Kroeber

#001951 – 30 de Setembro de 2024

Começo o dia com outra pequena travessia de ferry. É uma cena inicial clássica para uma narrativa de viagem. O pequeno catamarã eléctrico que liga as duas margens do Mondego estava carregado de bicicletas. Meto conversa com o senhor que as vai desprender, um Buarqueiro bem disposto, de pele torrada do sol, que me diz que o recorde foi um dia em que conseguiu ali encaixar 19 bicicletas e duas trotinetes. O caminho é mais curto que o de ontem, feito no sentido contrário da viagem que fiz com um amigo da Nazaré para norte.
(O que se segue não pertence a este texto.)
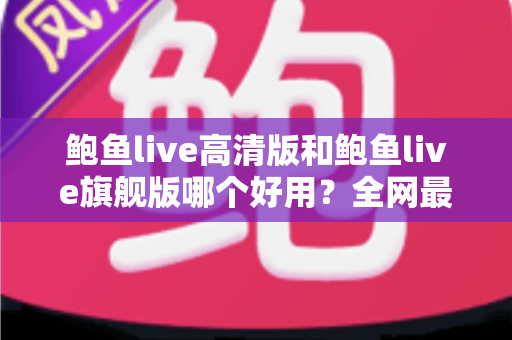 鲍鱼live高清版和鲍鱼live旗舰版哪个好用？全网最全深度对比测评，帮你一次选对最适合的版本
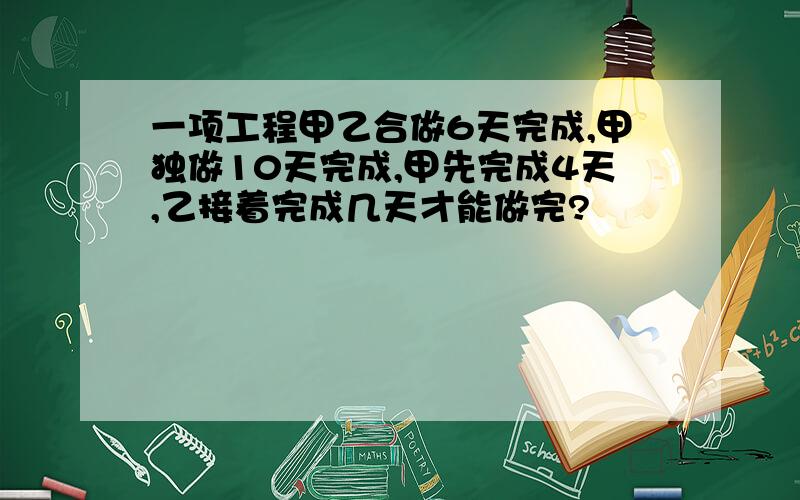 一项工程甲乙合做6天完成,甲独做10天完成,甲先完成4天,乙接着完成几天才能做完?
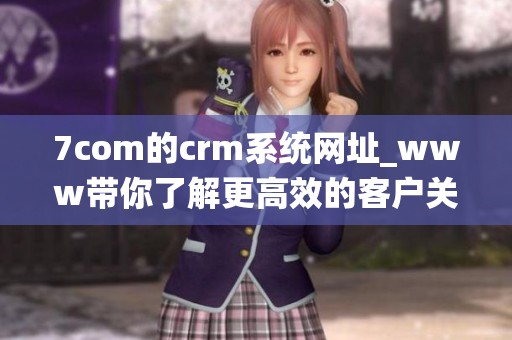 7com的crm系统网址_www带你了解更高效的客户关系管理技巧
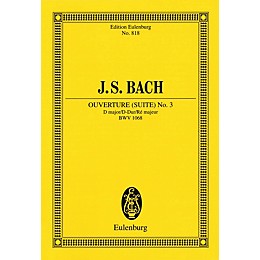 Eulenburg Ouverture (Suite) No. 3 in D Major, BWV 1068 Schott Series Softcover Composed by Johann Sebastian Bach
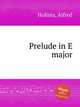 Prelude in E major, Hollins, Alfred 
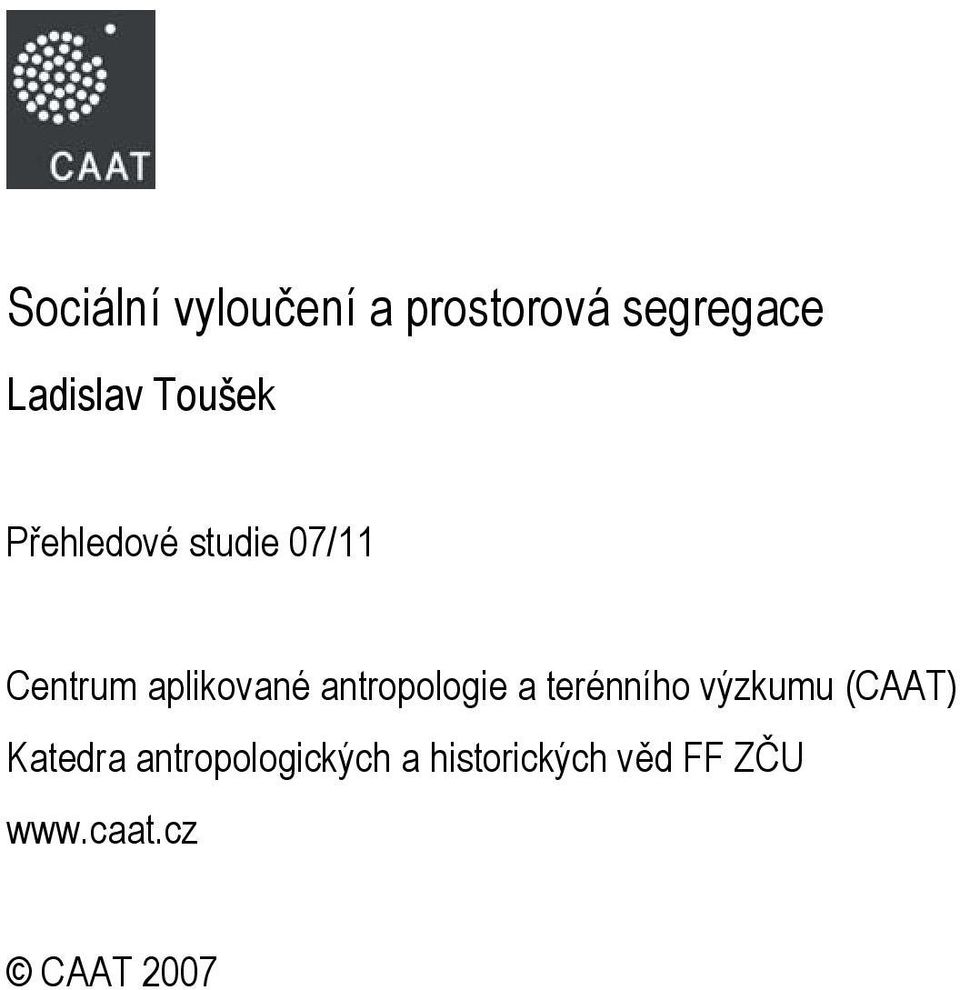 antropologie a terénního výzkumu (CAAT) Katedra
São Pedro de Moel surpreende-me, as casas de varandas de madeira são bonitas, o mar ali é de inverno, o som imenso, há ondas excelentes e apenas um surfista na água. Começo o jantar debaixo do sol poente, a dourada grelhada acabo-a comendo a cabeça com as mãos.
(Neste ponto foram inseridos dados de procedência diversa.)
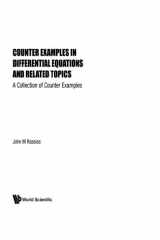 9789810204600-9810204604-Counter-Examples In Differential Equations And Related Topics
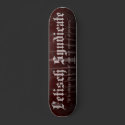 Fetisch Syndicate Skateboard Deck Burgundy by FetSyn Fetisch Syndicate Skateboard Deck Burgundy
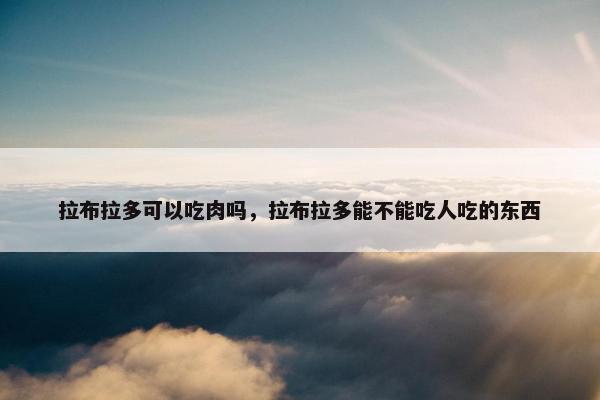 拉布拉多可以吃肉吗，拉布拉多能不能吃人吃的东西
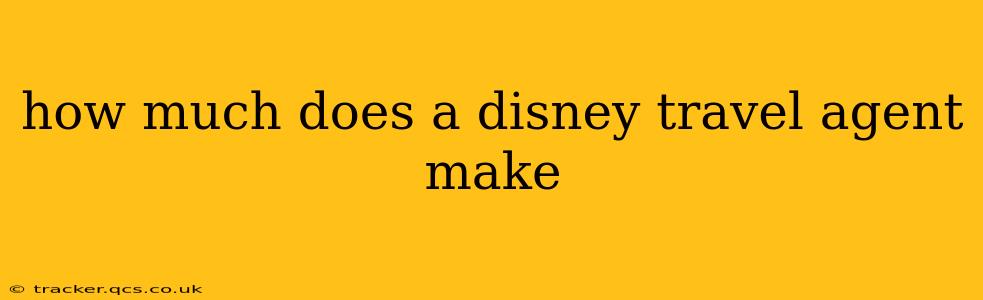 how much does a disney travel agent make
#001950 – 29 de Setembro de 2024

Adormeço com o som de mar mais estrondoso e terrível da minha vida. Meio maravilhado com a magnitude sonora, assustado com não ver a fonte do som, fui enchendo a imaginação de cenários de tsunami, sentindo-me mais e mais pequeno, embalado pelo balanço da rede. De manhã saí de Mira e cedo se juntou a mim um viajante suíço, que pedala pela Europa há um mês. Vamos a falar sobre a beleza da natureza e a fealdade do capitalismo até Quiaios. Ele segue a direito, encaminho-o ao Miradouro da Bandeira, de onde poderá ver a costa no sentido norte. Dei-lhe algumas indicações sobre o ferry e disse-lhe que o Cabedelo é o melhor sítio para surfar e segui para a estrada do Enforca Cães, contornando a Serra da Boa Viagem do lado mar. Sento-me para comer no Volta e Meia, feliz.
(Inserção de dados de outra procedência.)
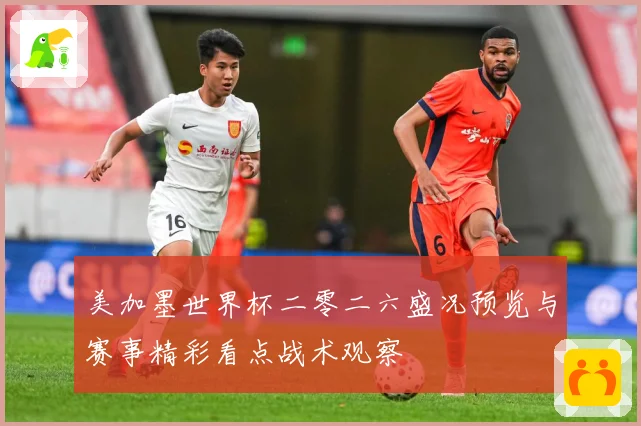 美加墨世界杯二零二六盛况预览与赛事精彩看点战术观察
#001949 – 28 de Setembro de 2024

O nascer do sol no Douro dá-me balanço para o dia. Ao chegar à Ria, flamingos e cavalos. O Ferry empurra-me para a etapa final. Há jetbikes a competir em Mira. Os patos não parecem incomodados, mas a mim cansa-me o som dos motores. Um sumo de laranja, cenoura e gengibre prepara-me o por do sol. A noite será ao relento da rede, com o toldo por cima e logo a seguir as estrelas e um cometa de passagem, depois de 80 mil anos.

#001948 – 27 de Setembro de 2024

Danço ao swing de deserto dos Tinariwen. Celebro já uma sensação quase nómada. De manhã, alforges carregados, pedalo mais de 100 kms.

#001947 – 26 de Setembro de 2024

Sábado começo nova viagem. Pedalo de Rio Tinto até à Foz do Arelho.

#001946 – 25 de Setembro de 2024

Envelheço e digo que tenho mais jeito para tio que pai, mais inclinação para amigo que companheiro romântico. Não sei se é desculpa, para disfarçar a solidão e o hábito. Mas acredito que acredito nisso.

#001945 – 24 de Setembro de 2024

Hoje o meu avô faria 100 anos. Nem mil séculos curariam esta saudade.

#001944 – 23 de Setembro de 2024

Escuto Piedmont Apocrypha, a sua nostalgia psicadélica muda a cor do quarto, a chuva lá fora molha o ruído dos pneus dos automóveis. Soletro desalento e aconchego com as mesmas letras interiores.

#001943 – 22 de Setembro de 2024

A voz de David Sylvian, em Transit, de Fennesz, embala-me e magoa-me na sua delicadeza triste de Cassandra. Faz vinte anos este álbum. Em 2004 escutávamos já esta implacável melancolia: “say your goodbyes to Europe, our history dies with Europe”.

#001942 – 21 de Setembro de 2024

Robert Sapolsky escreve sobre a visita aos gorilas da montanha, no Ruanda, 6 meses depois de Diane Fossey ter sido assassinada. Segundo ele, tinha então finalmente passado aquela fase da vida em que já não podia dar-se ao luxo de gastar o tempo necessário para viajar grandes distâncias à boleia, mas ainda não podia dar-se ao luxo de gastar o dinheiro necessário para viajar através de um meio mais rápido.